Types of Page Faults¶
Minor Page Fault¶
Page is in memory but not mapped in process's page table.
Causes:
- Copy-on-Write (COW)
- Lazy loading
- Page reclaimed but still in cache
Resolution:
- Fast (~microseconds)
- No disk I/O
- Update page table
Major Page Fault¶
Page must be loaded from disk.
Causes:
- First access to memory-mapped file
- Page swapped to disk
- Page never loaded
Resolution:
- Slow (~milliseconds)
- Disk I/O required
- Update page table after load
Page Fault Handling¶
graph TD
A[Process accesses memory] --> B{Page in RAM?}
B -->|Yes| C{Mapped in page table?}
C -->|Yes| D[Access succeeds]
C -->|No| E[Minor page fault]
E --> F[Update page table]
F --> D
B -->|No| G[Major page fault]
G --> H[Find/Load page from disk]
H --> F
Kernel handler steps:
- CPU generates fault: Page not present
- Kernel handles interrupt
- Determine fault type: Minor or major
- Locate page: Page cache, swap, file
- Allocate physical frame: If needed
- Load data: From disk if major fault
- Update page table: Map virtual to physical
- Flush TLB: Invalidate cached entry
- Resume execution: Return to faulting instruction
# Monitor page faults
time ./program # Shows major/minor faults
/usr/bin/time -v ./program # Detailed stats
ps -o min_flt,maj_flt <PID> # Per-process faults
Swapping and Swap Space¶
Swap Space¶
When physical RAM is full, Linux moves inactive pages to swap space on disk.
# View swap usage
free -h
swapon --show
# Add swap file
dd if=/dev/zero of=/swapfile bs=1M count=1024
chmod 600 /swapfile
mkswap /swapfile
swapon /swapfile
# Remove swap
swapoff /swapfile
Swap Process¶
Swap Out (memory → disk):
- Select victim pages: Least recently used
- Write to swap: If page is dirty
- Update page table: Mark as swapped
- Free physical frame: For other use
Swap In (disk → memory):
- Page fault occurs: Access swapped page
- Allocate physical frame
- Read from swap: Load page data
- Update page table: Map to new frame
- Resume execution
Swappiness¶
Controls tendency to swap vs reclaim page cache.

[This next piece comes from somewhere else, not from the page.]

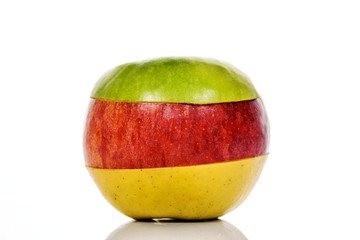 Green, yellow and Red Apple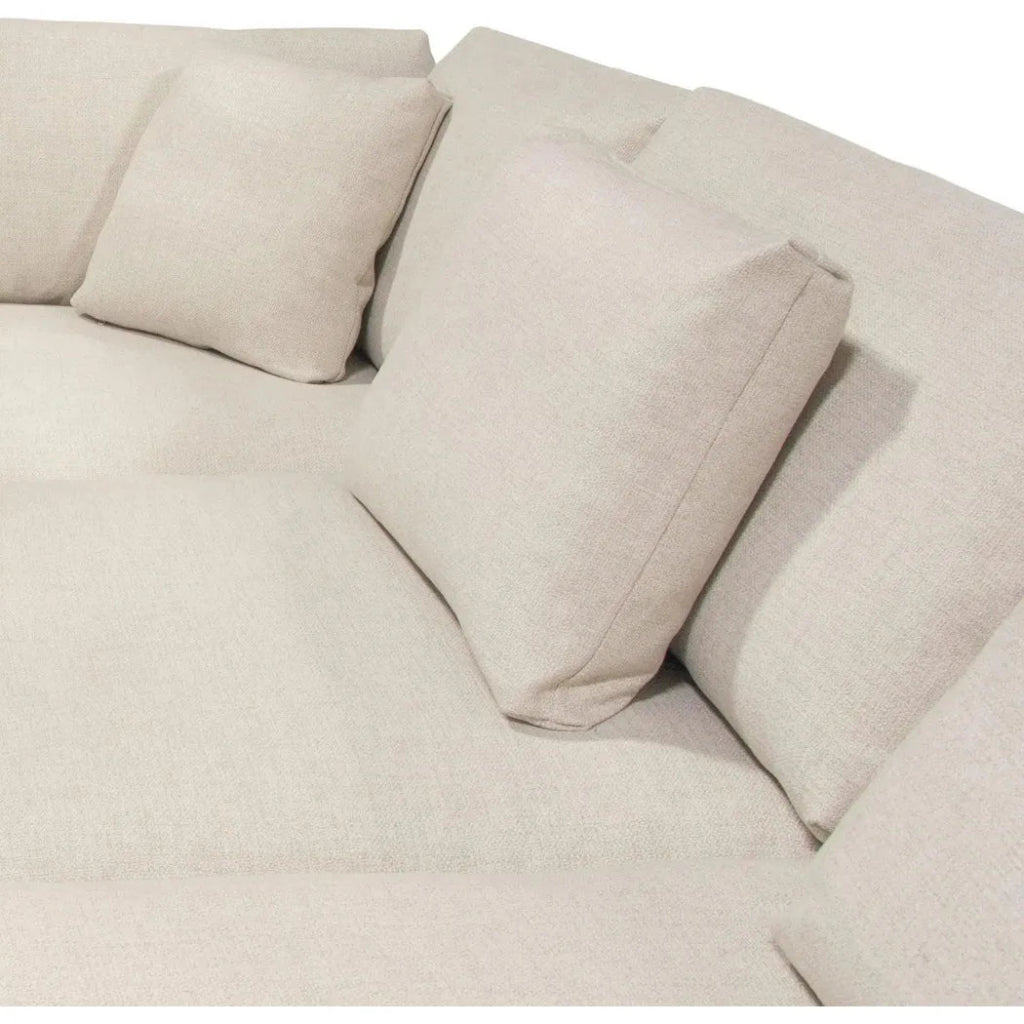 3-Piece Cream Fabric Corner Sectional Sofa Set - Modern L-Shaped Couch for Living Room, Family Room & Small Spaces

# View current swappiness (default: 60)
cat /proc/sys/vm/swappiness
# Set swappiness (0-100)
# 0 = avoid swapping, prefer OOM
# 100 = aggressive swapping
echo 10 | sudo tee /proc/sys/vm/swappiness
Out of Memory (OOM) Killer¶
When the system runs out of memory and cannot free enough, the OOM killer terminates processes.
OOM Killer Selection¶
The kernel scores each process based on:
- Memory usage (higher = worse)
- Age (newer = worse)
- Priority (nice value)
- OOM adjust value
# View OOM score
cat /proc/<PID>/oom_score
# Adjust OOM score (-1000 to 1000)
echo -500 > /proc/<PID>/oom_score_adj # Less likely to be killed
echo 1000 > /proc/<PID>/oom_score_adj # Very likely to be killed
# Disable OOM killer for process
echo -1000 > /proc/<PID>/oom_score_adj
OOM Killer Messages¶
Example output:
Out of memory: Kill process 1234 (myapp) score 800 or sacrifice child
Killed process 1234 (myapp) total-vm:4000000kB, anon-rss:2000000kB, file-rss:0kB
Memory-Mapped Files¶
Use mmap() to map files directly into process memory.
Benefits¶
- Efficient I/O: No separate read/write calls
- Shared memory: Multiple processes can map same file
- Lazy loading: Pages loaded on-demand
- Automatic sync: Changes written back to file
Example¶
#include <sys/mman.h>
#include <fcntl.h>
int fd = open("data.bin", O_RDWR);
struct stat sb;
fstat(fd, &sb);
// Map file into memory
void *mapped = mmap(NULL, sb.st_size,
PROT_READ | PROT_WRITE,
MAP_SHARED, fd, 0);
// Access file as memory
char *data = (char *)mapped;
data[0] = 'A'; // Modifies file
// Sync changes to disk
msync(mapped, sb.st_size, MS_SYNC);
// Unmap
munmap(mapped, sb.st_size);
close(fd);
Buffer Cache and Page Cache¶
Page Cache¶
The page cache stores pages of files in RAM to speed up file I/O.
Contents:
- Regular file pages
- Block device pages
- Memory-mapped file pages
# View page cache usage
free -h
cat /proc/meminfo | grep -i cache
# Clear page cache (don't do in production!)
sync
echo 3 > /proc/sys/vm/drop_caches
Buffer Cache¶
The buffer cache stores block device metadata (historically separate, now unified with page cache).
Contains:
- Superblocks
- Inodes
- Directory entries
- Block bitmaps
Copy-on-Write (COW)¶
COW is an optimization that delays copying memory until a write occurs.
How COW Works¶
After fork():
- Share pages: Child and parent point to same physical pages
- Mark read-only: Set pages as copy-on-write
- On write: Page fault handler creates copy
graph LR
A[Parent process] -->|fork| B[Child process]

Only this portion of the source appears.